Sometimes two musicians perform together. In this musical composition, it’s common for the musicians to perform in solos, alternating their deliveries, or to perform in unison. Harmonies are also things that can happen when two musicians perform together. Anyway, here’s USA Today attempting to explain how duets work in as many characters as possible. Without saying the word ‘duet’.
Over the weekend, the publication confirmed that Lady Gaga and Ariana Grande‘s “Rain On Me” was “an upbeat dance track where each singer takes a turn with a verse.”
“They also sing together on some of the choruses.”
Lady Gaga and Ariana Grande teamed up for "Rain On Me," an upbeat dance track where each singer takes a turn with a verse.
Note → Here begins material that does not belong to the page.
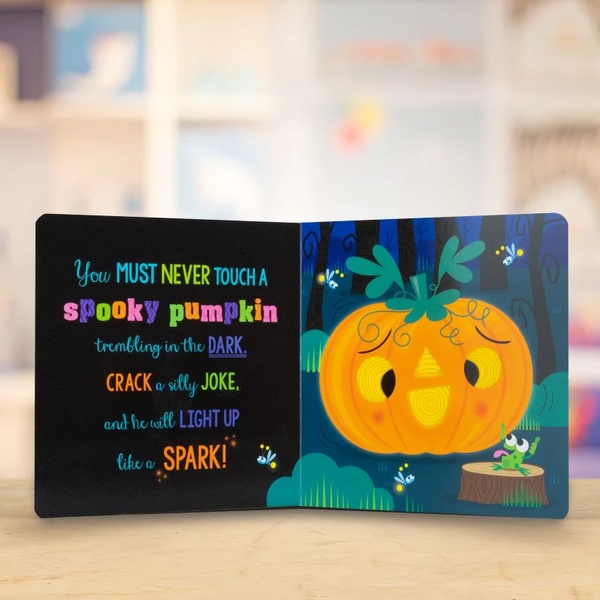 Паперова книга «Never Touch a Spooky Ghost!», автор Кара Дженкінс - фото №1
They also sing together on some of the choruses. https://t.co/eap8R2kl0p— USA TODAY (@USATODAY) May 23, 2020
Although it’s technically not wrong, many were quick to point out that the Tweet’s intent could have been achieved in a much more concise manner.
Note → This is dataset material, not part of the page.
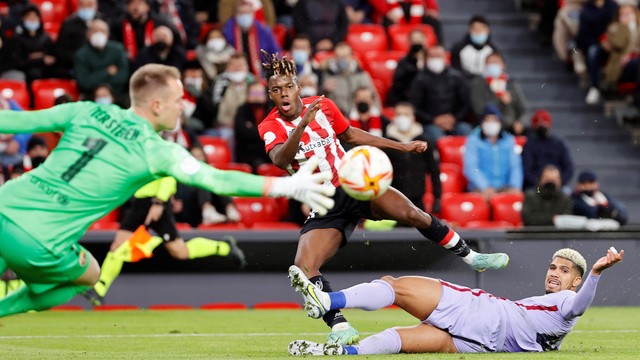 Ter Stegen se estica e faz ótima defesa em chute de Nico Williams em Athletic Bilbao x Barcelona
This is called … a duet https://t.co/Yl21Gkbcha— chrissy teigen (@chrissyteigen) May 24, 2020
Here are some of the best responses to the tweet about two musicians performing together in a song.
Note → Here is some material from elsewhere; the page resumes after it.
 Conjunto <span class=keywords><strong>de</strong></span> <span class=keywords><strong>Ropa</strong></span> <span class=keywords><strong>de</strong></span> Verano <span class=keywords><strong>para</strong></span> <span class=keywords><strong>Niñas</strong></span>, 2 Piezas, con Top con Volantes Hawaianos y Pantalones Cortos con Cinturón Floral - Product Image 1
This tweet was by USA Today and was written with two sentences. One sentence followed the other. There was also a link at the end.
— Nik (@Thank_yyuh_next) May 24, 2020
what is this AI-generated headline lmfao pic.twitter.com/WtkzrjdpWM
— Blue Ivy’s Au Pair (@MikeyTBH) May 24, 2020
This is… like you let a space alien explain popular music
— STAY HOME (@PartyHkt) May 24, 2020
please hire a gay intern
— mary beth (@marybethbarone) May 24, 2020
This last one is very important. This post simply would not have happened if a gay intern was in charge.
In all seriousness, though, I adore this social media person’s attempt to describe a duet in as many characters as possible. It’s very reminiscent of my uni days, when I had to fluff 200 words to reach that 1500 word count. Admirable stuff.